Work order. Copy out the entries exactly, and wherever a picture appears, leave it out.
■ ■ ■ ■
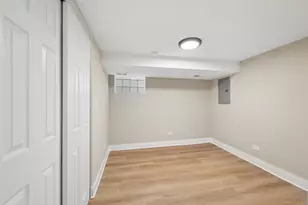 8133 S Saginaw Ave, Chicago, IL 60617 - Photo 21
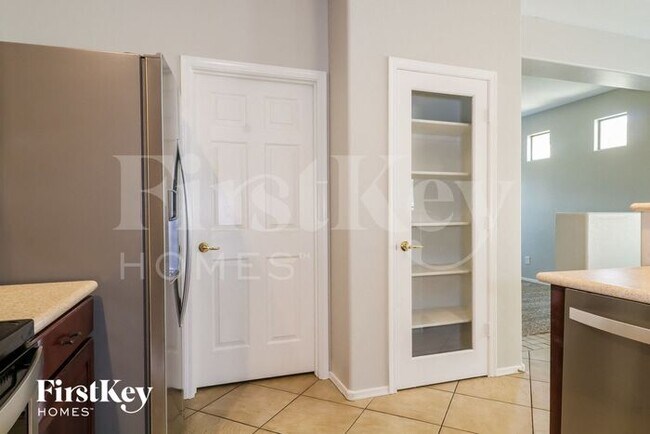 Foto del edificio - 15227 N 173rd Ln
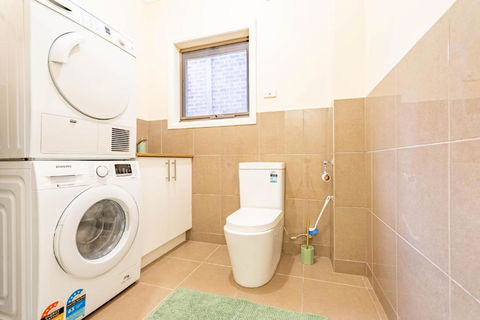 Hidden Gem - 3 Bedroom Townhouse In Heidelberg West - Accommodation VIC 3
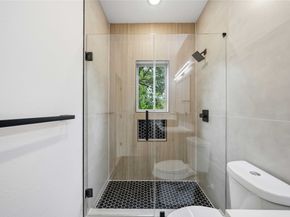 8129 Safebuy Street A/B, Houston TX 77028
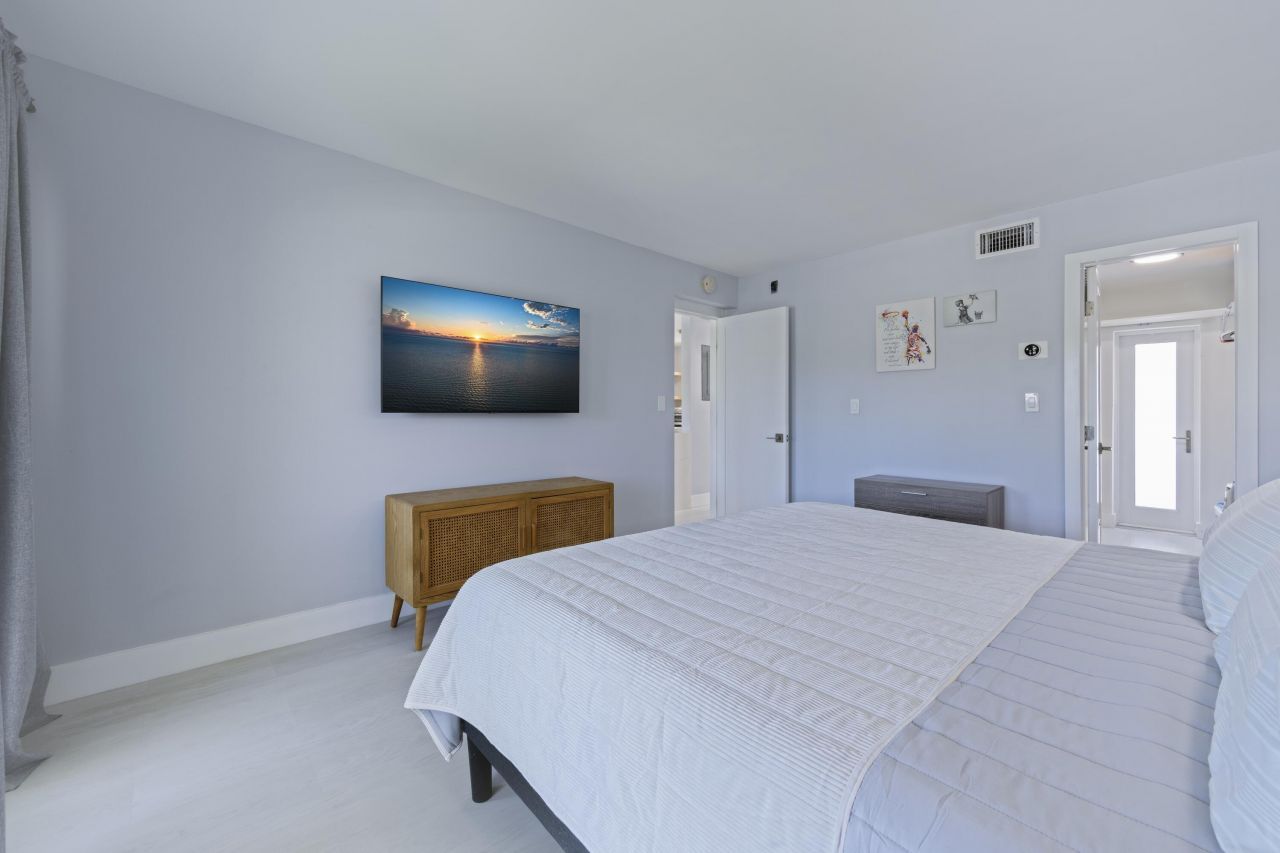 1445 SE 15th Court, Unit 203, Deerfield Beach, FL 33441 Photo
■ ■ ■ ■
Output of the task.
 8133 S Saginaw Ave, Chicago, IL 60617 - Photo 21
 Foto del edificio - 15227 N 173rd Ln
 Hidden Gem - 3 Bedroom Townhouse In Heidelberg West - Accommodation VIC 3
 8129 Safebuy Street A/B, Houston TX 77028
 1445 SE 15th Court, Unit 203, Deerfield Beach, FL 33441 Photo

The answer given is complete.